Dan Blacksberg – The Psychic Body/Sound System (Relative Pitch, 2024) ~ The Free Jazz Collective


By Nick Metzger

I remember a long while back reading a review for a blistering solo free
jazz album on Keith Fullerton Whitman’s now defunct Mimaroglu Web Store
(thanks for everything Keith!) and he noted that solo albums like that
really hit him between the eyes during the freezing winter months and I’ve
thought of that every winter since. I also tend to listen to a lot of solo
music during the post-holiday cold as I’m generally not as distracted with
outdoor life and am able to listen a little more closely. That said, this
year I’ve been loving this new solo trombone release from Philadelphia’s
Dan Blacksberg who’s trio has been covered a couple of times

here

on the blog. He was in the Hasidic doom metal band Deveykus with fellow
Philadelphian, guitarist

Nick Millevoi

, releasing their only album Pillar Without
Mercy
on Tzadik back in 2013. Blacksberg is described on his website
as “a living master of klezmer trombone” and in addition to being a
dedicated proponent, teacher, and organizer of the music he also released
the first album of klezmer to feature the trombone as the lead instrument
on Radiant
Others
, also with Millevoi. The album currently under consideration
here is not a klezmer album in the slightest. The Psychic Body/Sound
System
is a powerful improvised statement that blends wild soundscapes and
drone with gnarled extended technique and commanding free trombone flights.
The poetic fictionalizations of the titles are the perfect signage along
the path, one that is craggy and steep but also imbued with some remarkable
vistas.

The album starts off with “We Walk Through the Petrified Gates” – a brief,
low drone that feels like an initiation – setting the tone. Next is “Tale
of a Survival” a heady dialogue of solo free trombone where the staccato
phrasing starts to slur and is interrupted by mumbled exclamations across
the track, occasionally breaking down into violent and wet blasts of sound.
On “Crags of Resounding Whispers” the thwacking churn of the horn is
reminiscent of the chug of a huge pumping machine. The album’s arguable
centerpiece (for me) is “Observing the endless screamer” , this time on a
prepared trombone. No idea what the preparations are but it would seem that
Blacksberg opened some sort of portal. Endearing in much the same way that
Merzbow is, it might require a bit of effort for some. Blacksberg does a
considerable job of bending and directing these noises to make the track a
standout on the album, it’s not just pure intensity but also arrangement,
variety, and nuance. “Feeding the great babbler” is a brief segue in low
frequencies – a lot lower than the previous track – it’s fast-paced and
bulbous and pretty easy on the ears (mindful sequencing) with a lot to
offer the careful listener. “Softgrid Lament” is built of growling,
multiphonic passages recorded really dryly, so much so that the gurgling
inner world of his trombone is central to the piece. It seats gnarly,
aggressive exclamations at the same table with slow glissandos that sound
like cartoon airplanes falling out of the sky.

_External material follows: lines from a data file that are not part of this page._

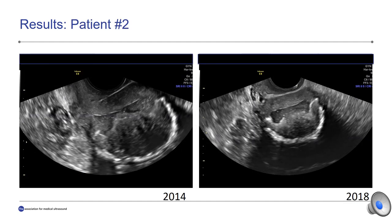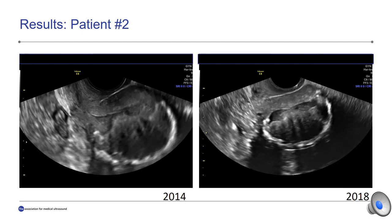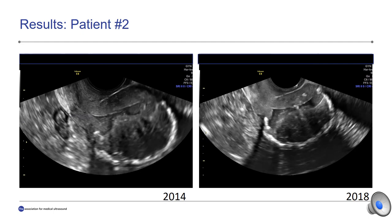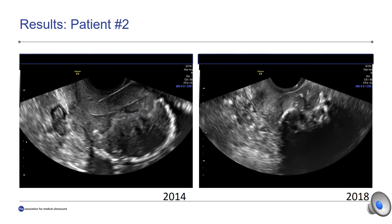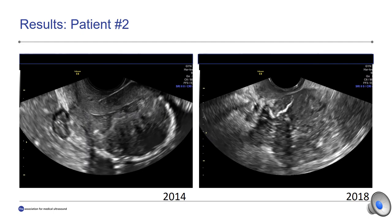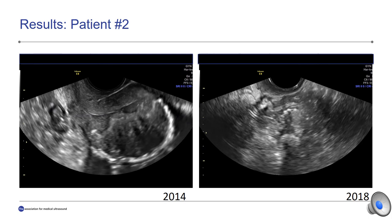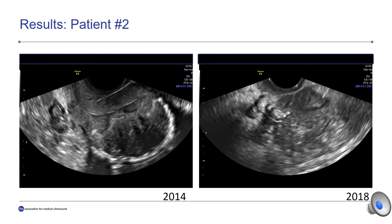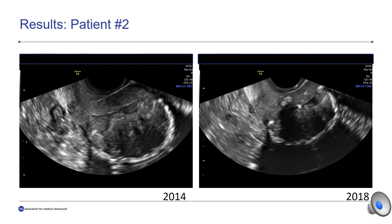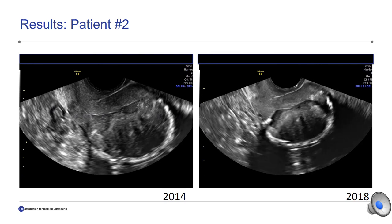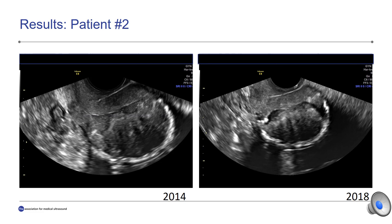Live-action clips from ultrasonography of patient number two are added to better visualize and compare the fluid collection seen — on the left is 2014 and on the right is 2018.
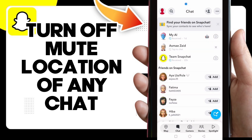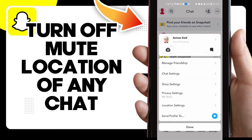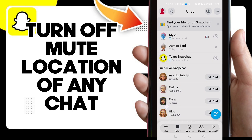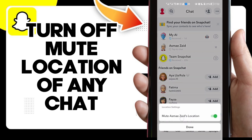First, choose your contact and hold on it like this, and here you will find the location settings — click on it. Then click like this and this will be turned off. That's how to turn off mute location.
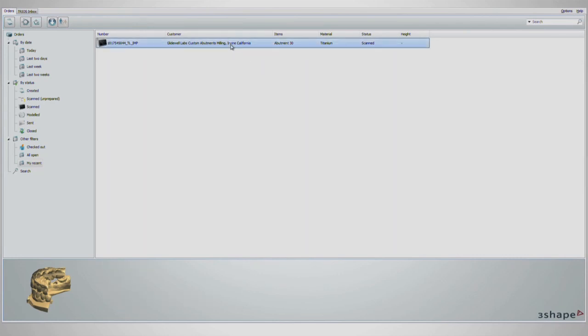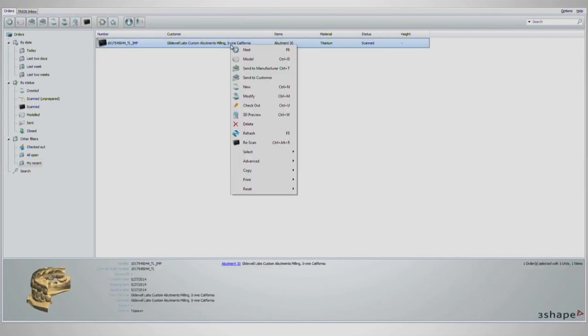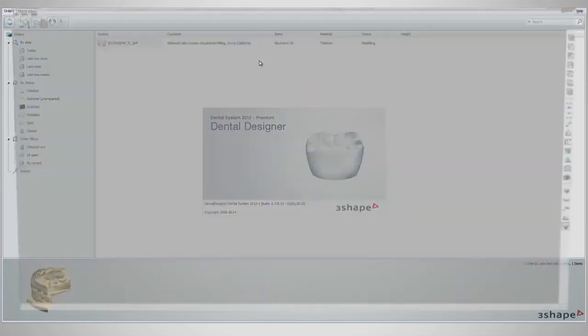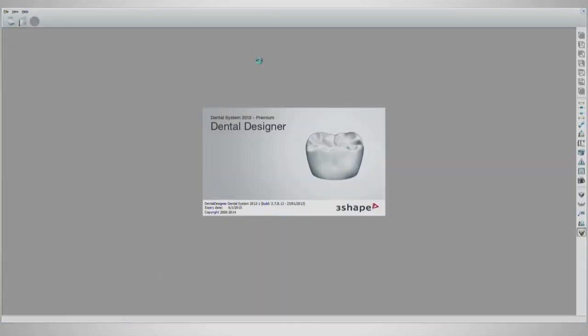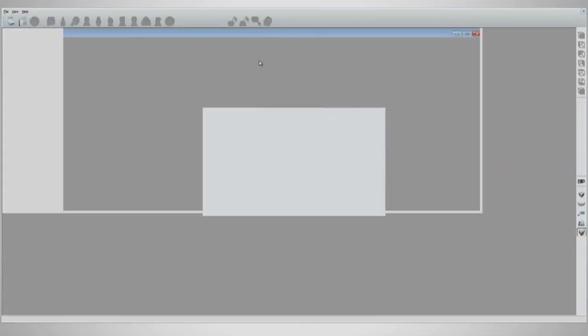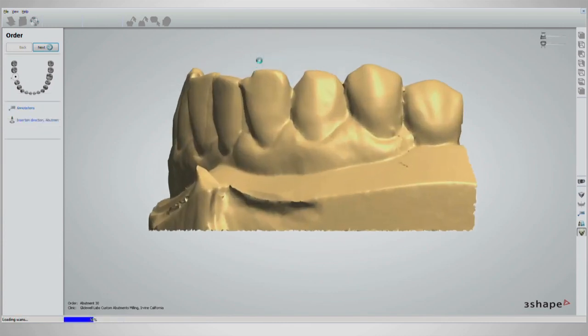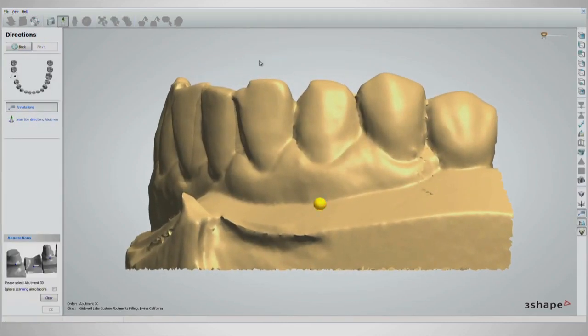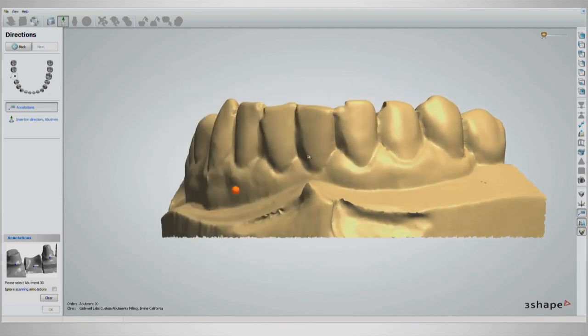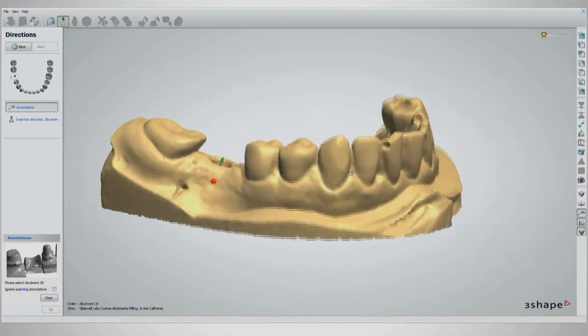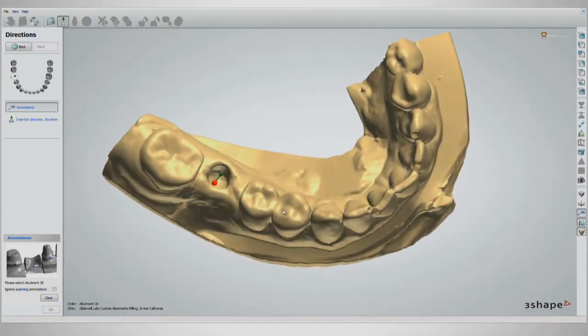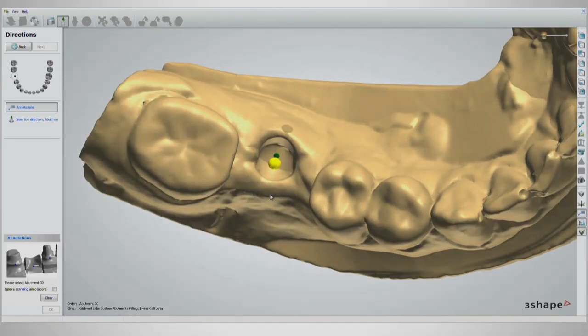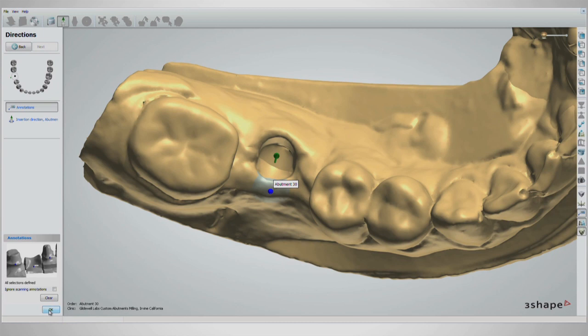Return to the file and right-click, then select Model. This will open the design stage of the program. The scan model will appear, as well as a glowing orb for every implant. Here we only have one. All that is needed here is to left-click on the buccal tissue at the implant site, then click OK on the bottom left.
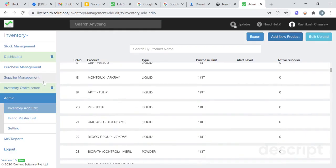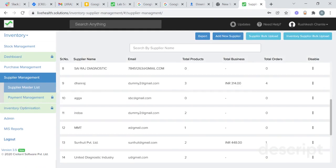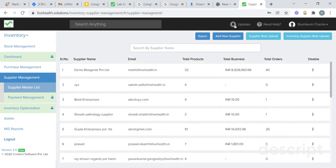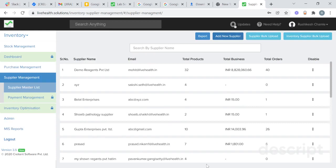You will also be able to add your supplier in supplier management. Go to supplier master list. You will get a list of your current suppliers. To add a new supplier, click on add new supplier. Add your supplier name, email, contact number, address, and click on save. That new supplier will be added here.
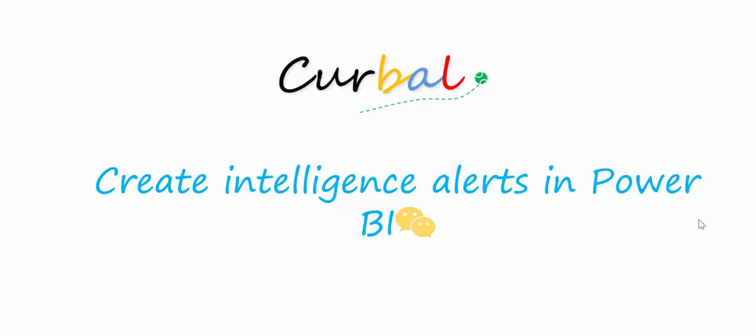Hello and good evening! This is Ruth Pazuello from Curva.com and today I'm going to show you how to create intelligence alerts in Power BI.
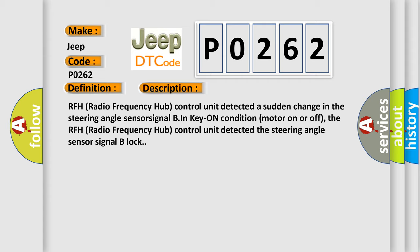The RFH radio frequency hub control unit detected the steering angle sensor signal B lock.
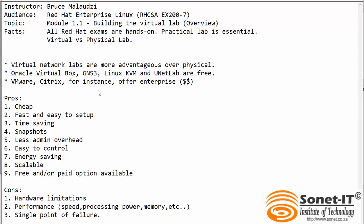Good morning and welcome to Sonet Institute of Technology. My name is Bruce Malawzi and I would like to welcome you to the Red Hat Enterprise Linux EX200 exam video course.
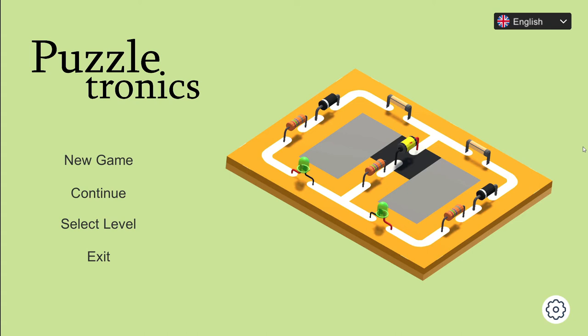Hey, how's it going, everybody? It's your pal Impossible. I'm here today. We're checking out a new game called Puzzletronics.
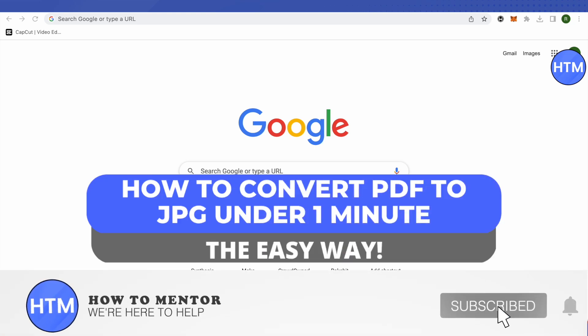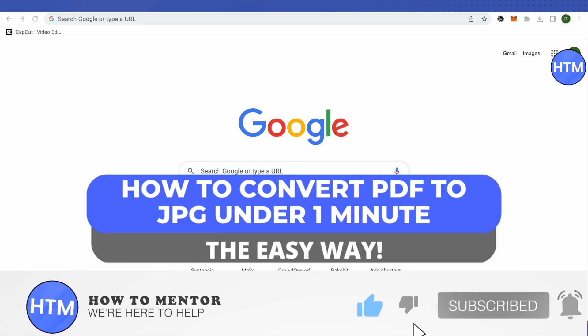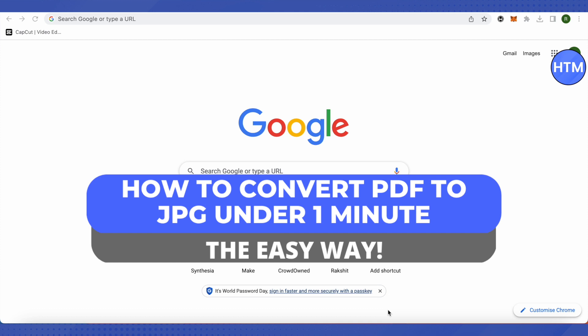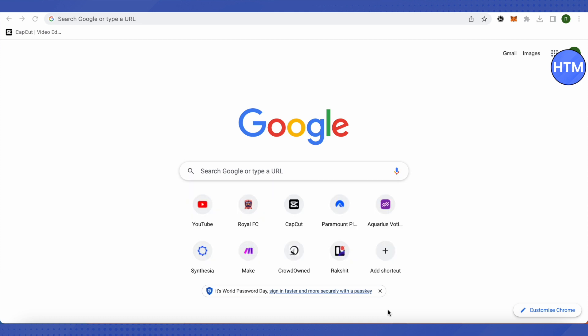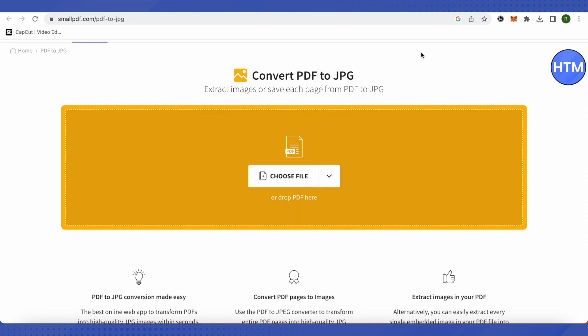Hello everyone, welcome to our channel. Today we will see how we can convert a PDF file into a JPG file. For that, you need to open up this website called smallpdf.com. It is quite easy to use.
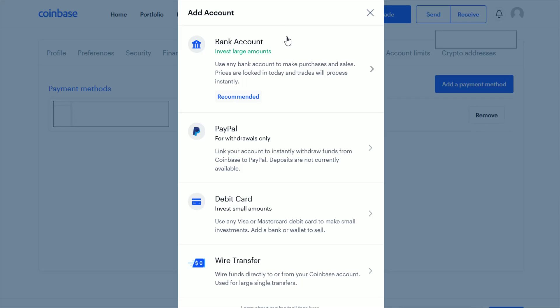Here it will give you the different options of what payment methods you can link. For debit card it's down in this area. It is worth noting that with debit cards you're not going to be able to invest as large amounts as you are if you link, for instance, a bank account.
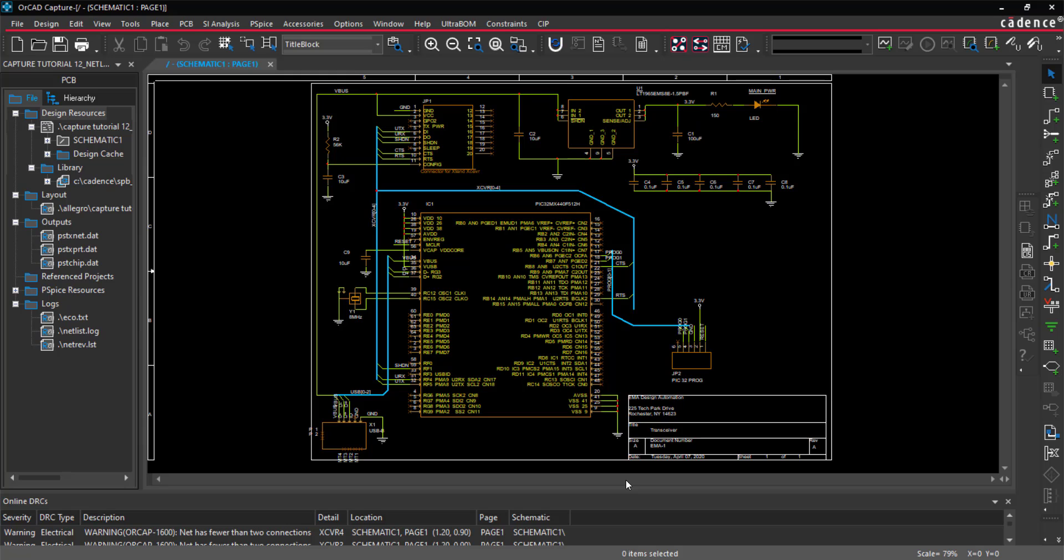Thank you for joining us for this Capture tutorial. To learn about PCB design, watch our PCB tutorial series. This Capture tutorial was a brief overview of the capabilities in ORCAD Capture.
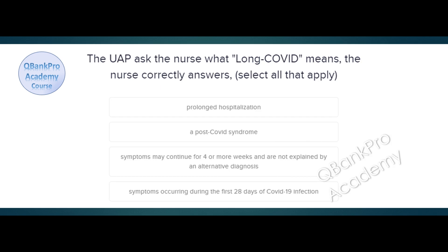The UAP asks the nurse what long COVID means. The nurse correctly answers — select all that apply. Prolonged hospitalization. A post-COVID syndrome. Symptoms may continue for four or more weeks and are not explained by an alternative diagnosis. Symptoms occurring during the first 28 days of COVID-19 infection. The correct answer is a post-COVID syndrome and symptoms may continue for four or more weeks and are not explained by an alternative diagnosis.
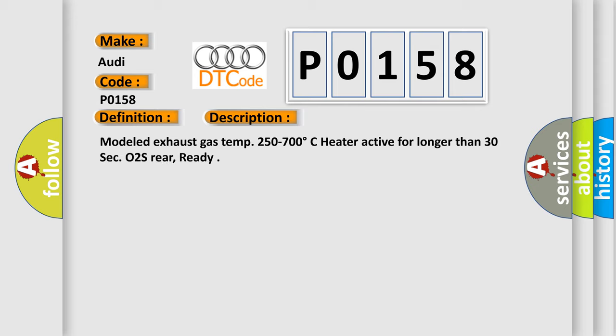Modeled exhaust gas temperature 250 to 700 degrees Celsius, heater active for longer than 30 seconds, O2S rear, ready.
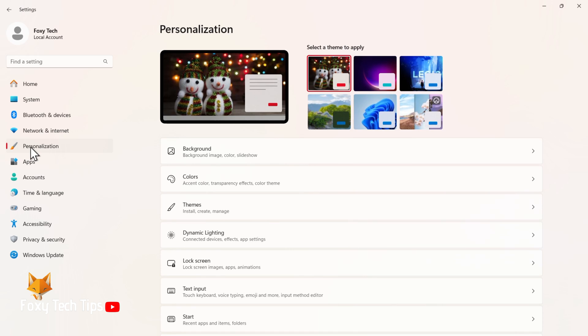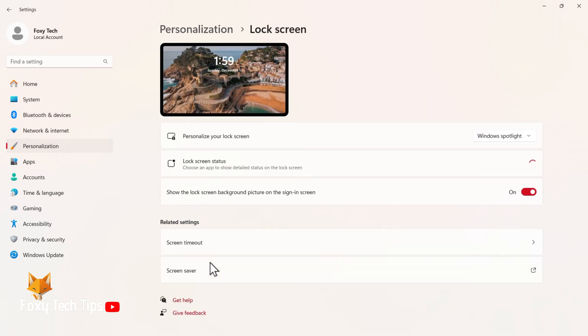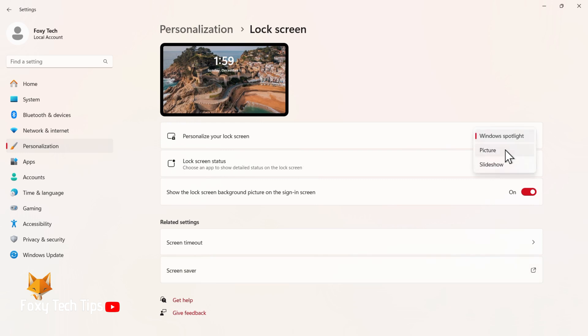In Personalization settings, select Lock screen. Here you can customize your lock screen. You can choose what gets displayed on the lock screen: either Windows spotlight, a picture, or a slideshow.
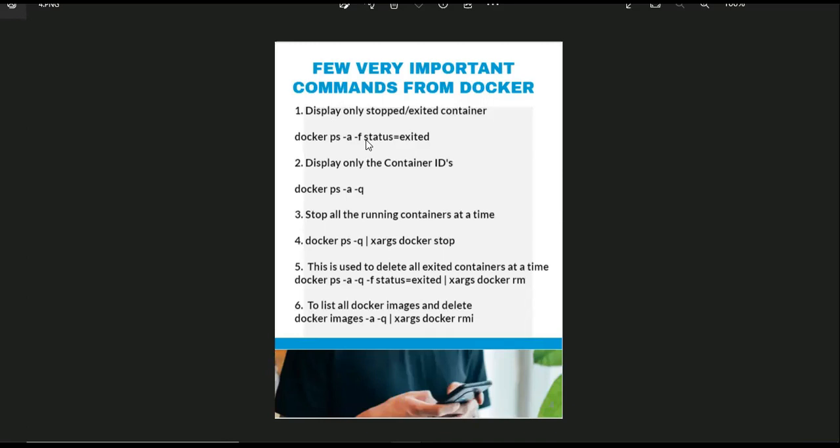Then we are going to display only the container ID. By using docker ps -q you can display only container ID of the container. These all commands I'm simply telling you, you can just install Docker and you can practice all these commands so that you will have good grip.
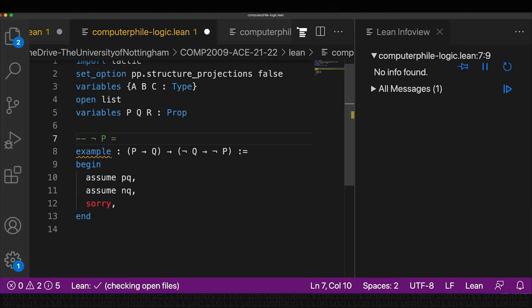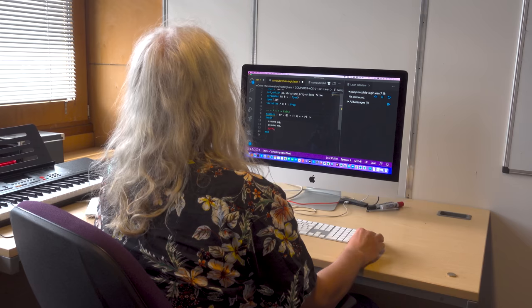In Lean, negation is also an implication: not p means p implies false. How can we understand false? My explanation for false is 'pigs have wings.' If I want to say not p, I say: if p, then pigs have wings. If you ask a girl, 'do you want to marry me?' and she says, 'if I marry you, then pigs have wings' — that means no. So not p is just an implication: p implies false.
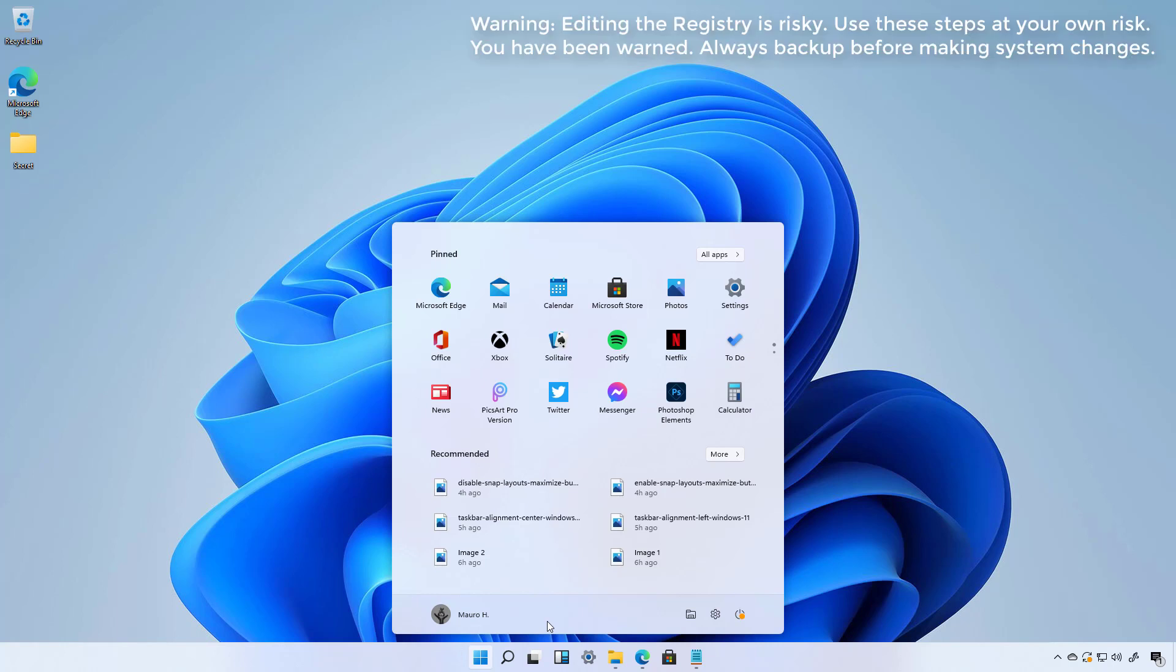Before we move on, I just want to make it clear that to do this, you need to edit the registry. And that is not a recommended thing to do on any computer because if you do it wrong, it can damage the installation. So use these steps at your own risk. With that out of the way, now let's go to the steps to enable the classic Start menu on Windows 11.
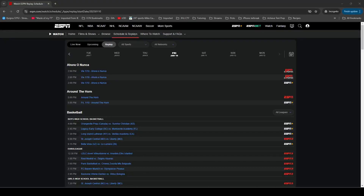Welcome back to my channel, Cord Cutting in Sports. This video is going to show you how you can download ESPN events, specifically replays, using a new program that I was just alerted to by someone that found my videos here on YouTube.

The direct effect of being submerged is discernible on “Liquified tides of
thought”, which conversely has the reverb cranked to 11. The stuttering
passages ripple like water over rocks, closing in breathy resolution. On
“Infinitely shattering crystal wishes” Blacksberg plays his horn into a
prepared piano. Heavy tongue thwacks and high pitched whistles disturb the
pressure field, causing the strings to answer, the track becoming more
intense and violent as it progresses. “Gliding over the dimensional glacier”
is another brief but continuous drone piece that puts the gauze back in our
ears, again the sequencing is right on as this lull resolves into the
brightness of the next track “Tale of refusing futility”. On this one
Blacksberg plays with a raspy, cutting tone that blasts through in a haze of
atomized spittle. Then Blacksberg puts down the magic wand momentarily and
delivers a passage that’s aggressive and direct. The album closes with the
“We exhale the gate closed”, another brief and murky drone that works as a
bookend with the opening track. This is a good one, there’s a lot of
variety in both technique and style and it’s a lot of fun to listen to.
It’s got a quality of its own and doesn’t sound like a solo trombone album
in the sense you might expect. The detail and density keep the listening
active and as a result it’s 40 minutes pass all too quickly.